New York + Greenwich Hotel = H.E.A.V.E.N on earth

Dec 5

My fave hotel in NYC. Ehhhmergerd, check it out !! So awesome ! xx


Our road trip to New York has started.

We hit the road with bells on. Whatever that means.

If it means that we crossed the Canadian border into the United States and no alarm bells went off at security…well then… we hit the road with bells on.

Already, things are different about this road trip.

I didn’t get hauled into the customs office and strip searched.  {{ Drats }}



Our flight from Toronto to NYC is  a hop skip and a jump.  The hardest part is keeping a straight face with airport security when they ask their stupid-butt questions.  Stupid is as stupid does.  Whoever made the rules for airport security, surely couldn’t punch their way out of a paper bag.

Airport personnel :  Did you pack your own suitcase ?

Me :  Wtf?!   I WISH someone packed my suitcase. Then they could have sat on it with all their might to jam it shut zip it.  Then, they could have jumped up and down on it with a vengeance to practice what baggage handling will do to it.

What does airport personnel do when someone says YES to that question?

Me :  Yeah.

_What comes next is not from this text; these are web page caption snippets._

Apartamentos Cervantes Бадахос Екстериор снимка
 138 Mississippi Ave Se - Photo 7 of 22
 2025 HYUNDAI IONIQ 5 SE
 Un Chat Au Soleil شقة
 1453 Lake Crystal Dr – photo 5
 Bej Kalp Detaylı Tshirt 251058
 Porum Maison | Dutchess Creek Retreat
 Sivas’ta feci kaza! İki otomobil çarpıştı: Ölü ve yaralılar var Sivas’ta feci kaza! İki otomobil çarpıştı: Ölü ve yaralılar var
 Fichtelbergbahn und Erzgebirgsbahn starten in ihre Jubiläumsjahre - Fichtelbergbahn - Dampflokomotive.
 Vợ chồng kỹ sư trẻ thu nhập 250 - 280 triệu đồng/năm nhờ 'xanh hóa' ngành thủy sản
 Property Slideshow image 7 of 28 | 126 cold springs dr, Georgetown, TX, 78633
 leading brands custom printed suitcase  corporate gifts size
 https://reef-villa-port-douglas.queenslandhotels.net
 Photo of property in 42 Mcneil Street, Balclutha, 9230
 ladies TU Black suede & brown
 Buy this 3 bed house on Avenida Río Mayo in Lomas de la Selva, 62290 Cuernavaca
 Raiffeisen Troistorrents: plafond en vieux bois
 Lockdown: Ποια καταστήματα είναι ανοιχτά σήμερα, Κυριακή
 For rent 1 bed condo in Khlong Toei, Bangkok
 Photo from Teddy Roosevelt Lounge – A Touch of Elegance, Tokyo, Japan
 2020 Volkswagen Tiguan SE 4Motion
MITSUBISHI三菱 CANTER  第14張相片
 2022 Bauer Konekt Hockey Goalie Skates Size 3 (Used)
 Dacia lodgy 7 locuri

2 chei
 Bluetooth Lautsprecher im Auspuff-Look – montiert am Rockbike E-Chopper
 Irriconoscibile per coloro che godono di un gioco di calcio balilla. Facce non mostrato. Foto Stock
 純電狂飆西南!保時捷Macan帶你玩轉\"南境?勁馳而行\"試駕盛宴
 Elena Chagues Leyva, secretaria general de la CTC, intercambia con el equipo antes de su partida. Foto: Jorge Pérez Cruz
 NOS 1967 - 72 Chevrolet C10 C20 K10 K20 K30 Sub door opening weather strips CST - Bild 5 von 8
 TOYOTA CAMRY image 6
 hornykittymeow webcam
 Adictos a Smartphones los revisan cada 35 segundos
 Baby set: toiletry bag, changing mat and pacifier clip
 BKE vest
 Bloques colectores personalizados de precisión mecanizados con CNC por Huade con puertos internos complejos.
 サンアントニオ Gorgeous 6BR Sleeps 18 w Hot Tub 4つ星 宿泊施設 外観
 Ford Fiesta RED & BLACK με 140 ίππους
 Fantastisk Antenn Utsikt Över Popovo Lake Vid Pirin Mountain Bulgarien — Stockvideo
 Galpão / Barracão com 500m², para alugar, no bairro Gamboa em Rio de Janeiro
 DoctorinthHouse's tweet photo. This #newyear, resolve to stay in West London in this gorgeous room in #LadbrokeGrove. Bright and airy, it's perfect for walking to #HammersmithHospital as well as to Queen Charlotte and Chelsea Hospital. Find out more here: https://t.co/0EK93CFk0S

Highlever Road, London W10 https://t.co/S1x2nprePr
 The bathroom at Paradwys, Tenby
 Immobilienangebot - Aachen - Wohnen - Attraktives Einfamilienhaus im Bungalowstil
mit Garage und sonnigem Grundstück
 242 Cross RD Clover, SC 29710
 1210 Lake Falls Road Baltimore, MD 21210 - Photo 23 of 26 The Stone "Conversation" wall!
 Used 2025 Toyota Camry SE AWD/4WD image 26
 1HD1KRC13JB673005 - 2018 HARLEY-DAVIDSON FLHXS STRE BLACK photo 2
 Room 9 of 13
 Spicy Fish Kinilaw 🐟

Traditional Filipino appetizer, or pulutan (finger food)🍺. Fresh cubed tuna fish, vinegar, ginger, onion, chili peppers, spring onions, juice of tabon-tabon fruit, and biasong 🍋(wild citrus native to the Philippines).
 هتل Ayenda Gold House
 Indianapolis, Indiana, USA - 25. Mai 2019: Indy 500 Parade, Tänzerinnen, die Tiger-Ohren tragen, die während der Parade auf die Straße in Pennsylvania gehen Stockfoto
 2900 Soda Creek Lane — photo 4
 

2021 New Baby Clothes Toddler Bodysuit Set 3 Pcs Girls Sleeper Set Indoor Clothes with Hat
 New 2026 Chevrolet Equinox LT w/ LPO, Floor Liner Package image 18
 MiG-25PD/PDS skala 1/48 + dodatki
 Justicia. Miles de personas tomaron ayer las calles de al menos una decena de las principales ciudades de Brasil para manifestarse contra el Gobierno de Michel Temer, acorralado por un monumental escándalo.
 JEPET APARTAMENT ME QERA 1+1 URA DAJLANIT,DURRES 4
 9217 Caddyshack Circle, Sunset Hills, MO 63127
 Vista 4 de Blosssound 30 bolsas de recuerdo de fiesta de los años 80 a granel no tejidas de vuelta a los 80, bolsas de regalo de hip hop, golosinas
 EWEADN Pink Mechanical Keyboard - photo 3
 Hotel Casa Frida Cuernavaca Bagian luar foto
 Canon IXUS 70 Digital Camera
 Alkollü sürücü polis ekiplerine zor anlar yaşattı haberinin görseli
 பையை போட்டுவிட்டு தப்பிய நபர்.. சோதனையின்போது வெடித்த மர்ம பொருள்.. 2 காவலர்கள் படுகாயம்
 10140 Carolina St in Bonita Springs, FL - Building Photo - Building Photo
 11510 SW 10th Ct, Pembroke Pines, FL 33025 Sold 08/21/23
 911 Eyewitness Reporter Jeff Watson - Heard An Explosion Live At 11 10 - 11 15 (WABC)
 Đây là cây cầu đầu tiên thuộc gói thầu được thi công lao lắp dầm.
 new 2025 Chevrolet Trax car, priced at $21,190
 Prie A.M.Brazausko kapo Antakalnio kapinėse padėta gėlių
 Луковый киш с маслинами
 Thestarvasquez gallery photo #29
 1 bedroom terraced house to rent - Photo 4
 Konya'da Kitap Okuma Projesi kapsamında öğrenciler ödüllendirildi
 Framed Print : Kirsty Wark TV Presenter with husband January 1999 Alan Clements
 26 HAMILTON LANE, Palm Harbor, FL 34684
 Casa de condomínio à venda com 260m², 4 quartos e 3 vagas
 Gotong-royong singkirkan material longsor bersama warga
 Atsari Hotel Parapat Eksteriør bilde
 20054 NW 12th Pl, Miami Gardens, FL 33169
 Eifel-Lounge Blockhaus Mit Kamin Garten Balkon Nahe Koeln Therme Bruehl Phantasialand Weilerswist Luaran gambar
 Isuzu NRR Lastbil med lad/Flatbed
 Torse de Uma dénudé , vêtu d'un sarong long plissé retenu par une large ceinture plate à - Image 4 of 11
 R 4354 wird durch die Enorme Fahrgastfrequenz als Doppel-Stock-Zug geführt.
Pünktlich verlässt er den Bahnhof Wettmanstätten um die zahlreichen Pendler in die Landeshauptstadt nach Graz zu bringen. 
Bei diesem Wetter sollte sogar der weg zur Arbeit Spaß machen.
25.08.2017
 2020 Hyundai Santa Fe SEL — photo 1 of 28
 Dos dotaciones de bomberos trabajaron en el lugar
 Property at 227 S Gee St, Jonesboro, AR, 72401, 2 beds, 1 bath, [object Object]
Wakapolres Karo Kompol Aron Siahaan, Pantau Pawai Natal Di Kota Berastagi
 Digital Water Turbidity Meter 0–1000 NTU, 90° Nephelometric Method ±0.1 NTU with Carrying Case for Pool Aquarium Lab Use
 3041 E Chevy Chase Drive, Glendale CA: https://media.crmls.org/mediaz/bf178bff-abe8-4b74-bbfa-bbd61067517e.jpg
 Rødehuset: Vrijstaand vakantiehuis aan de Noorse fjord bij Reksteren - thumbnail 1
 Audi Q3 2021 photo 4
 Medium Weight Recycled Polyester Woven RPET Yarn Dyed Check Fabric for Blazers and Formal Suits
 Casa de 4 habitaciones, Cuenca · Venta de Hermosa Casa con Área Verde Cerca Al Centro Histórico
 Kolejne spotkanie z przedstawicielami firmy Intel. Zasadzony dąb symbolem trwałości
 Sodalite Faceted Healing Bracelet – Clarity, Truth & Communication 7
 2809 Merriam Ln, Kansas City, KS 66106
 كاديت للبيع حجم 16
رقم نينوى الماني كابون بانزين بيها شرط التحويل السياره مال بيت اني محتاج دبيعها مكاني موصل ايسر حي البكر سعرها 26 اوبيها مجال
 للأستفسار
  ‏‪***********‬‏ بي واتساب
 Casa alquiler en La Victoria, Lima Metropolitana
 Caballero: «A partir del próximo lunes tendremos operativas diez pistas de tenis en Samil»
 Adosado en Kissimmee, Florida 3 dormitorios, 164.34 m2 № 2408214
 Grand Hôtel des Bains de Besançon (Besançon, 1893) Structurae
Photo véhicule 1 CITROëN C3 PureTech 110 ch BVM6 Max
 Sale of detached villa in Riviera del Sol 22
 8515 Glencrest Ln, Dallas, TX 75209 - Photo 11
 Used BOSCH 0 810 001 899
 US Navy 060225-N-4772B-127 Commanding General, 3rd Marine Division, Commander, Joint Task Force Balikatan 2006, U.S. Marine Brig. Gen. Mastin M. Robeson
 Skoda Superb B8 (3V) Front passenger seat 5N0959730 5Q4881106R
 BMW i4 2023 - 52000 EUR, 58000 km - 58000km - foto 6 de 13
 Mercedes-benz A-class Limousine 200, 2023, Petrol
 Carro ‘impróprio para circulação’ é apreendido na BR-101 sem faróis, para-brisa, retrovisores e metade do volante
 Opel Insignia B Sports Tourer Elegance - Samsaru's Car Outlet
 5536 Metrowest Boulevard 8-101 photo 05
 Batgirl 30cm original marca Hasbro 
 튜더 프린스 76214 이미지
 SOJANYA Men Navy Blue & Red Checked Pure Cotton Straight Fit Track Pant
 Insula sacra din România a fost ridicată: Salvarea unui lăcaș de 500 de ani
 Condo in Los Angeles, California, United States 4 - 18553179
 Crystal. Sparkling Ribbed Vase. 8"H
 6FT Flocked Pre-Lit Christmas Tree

That’s right. I somehow bribed a complete stranger to pack my suitcase.  I had them do my laundry too.  And wash my windows.  It was great. I learned how to fold my underwear in new ways that I didn’t even dream possible.  Very impressive.  My life will never be the same.




Airport Personnel : Did anyone ask you to carry anything for them in your luggage?

Me :  YES, a  total stranger asked me to carry some cocaine across the border. You don’t mind do you?  They seemed very nice.  Is that a problem?  Oh, and by the way…I took a hit of acid with my Grandma before she dropped me off.

Who the heck ever answers YES to those questions?  Only people who were dropped on their head as a baby.

Dear airport security : Everyone has figured out that they shouldn’t stash a knife in a shoe.  Or spike their water with explosives.

Airport security have something in their mouth.  BULLSHIT.

It is wrong when an old lady catches hell for carrying her knitting needles.  What is she going to do? Knit her way off the plane?  If she could actually hurt someone with those knitting needles, well they deserved it.  They just got beat up by an 80 year old.  Hello.

It is times like THAT, when I want to teleport myself to a luxury hotel.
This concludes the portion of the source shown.